A few weeks since, we were in the laboratory of a friend, a good chemist and a good Christian. He was so blind to the world's welfare as not to know the evil of meddling with crucibles. So he took down one, put in it a mineral con­taining the essential ingredient of clay, mixed with it some pieces of a very soft inflammable metal, called sodium, and placed the crucible in the fire. There was nothing specially objectionable in the fire, as it was that of a common coal-stove. After half an hour had passed, he found in the cru­cible, in place of the material put in, a metal, as white near­ly as tin, as hard as iron, more malleable than silver, as sono­rous as bell-metal, and not liable to rust like iron or cop­per ; and, moreover, it was only half as heavy as iron.
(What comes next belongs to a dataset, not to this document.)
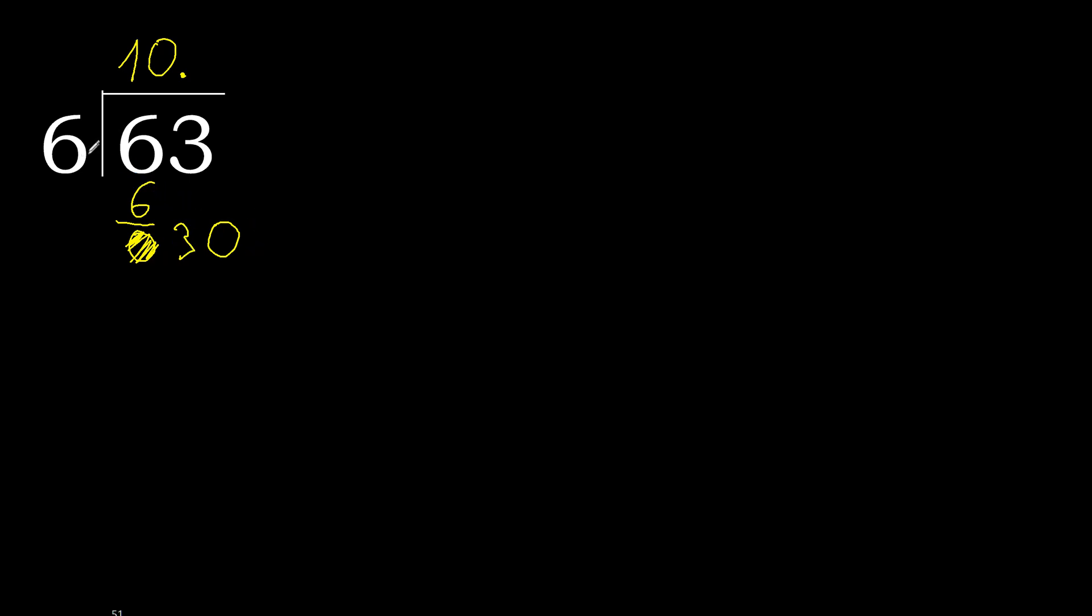30. 6 multiplied by 5 is 30, is not greater. 30 minus 30, 0, 0. Therefore finish it.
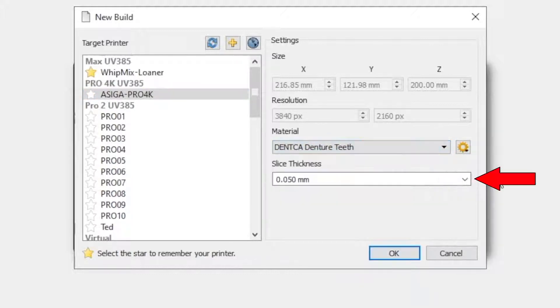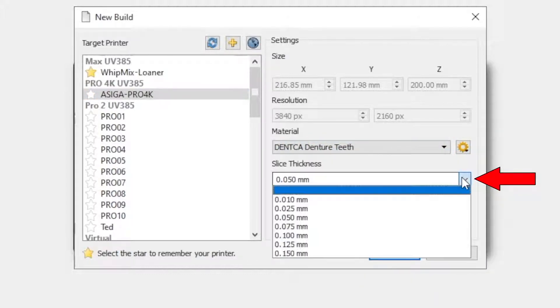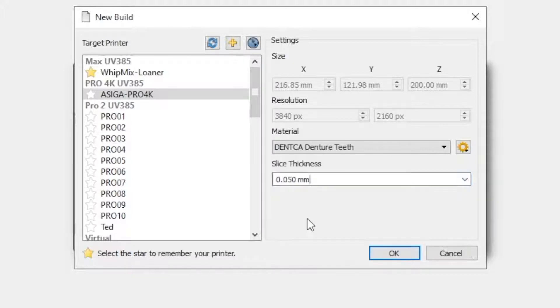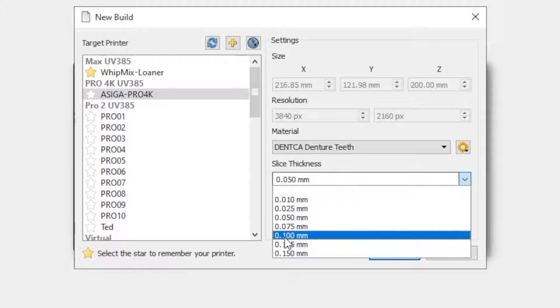Select the layer thickness to print. 50 micron layers will take longer to print but will have higher surface quality and resolution. 100 micron layers will be faster but will have lower quality surface detail. Select your thickness then hit OK.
It was, therefore, a metal combining most admirable qualities with this remarkable levity. It had been called aluminium. He has often performed the experiment; and, along with other believers in nature, he sees from it that at least one third by weight of all our clay-beds, granites, slates, and many other rocks, consists of this strange metal aluminium. In his infatuation about the thing, he will not admit that there is any harm in this dragging of aluminium out of its hiding-place, or any proof about it that nature is hateful or false beneath the surface. Indeed, he believes that in this very aluminium, there is proof of the goodness and wisdom of God, and therefore cause for renewed thankfulness for His gifts in nature.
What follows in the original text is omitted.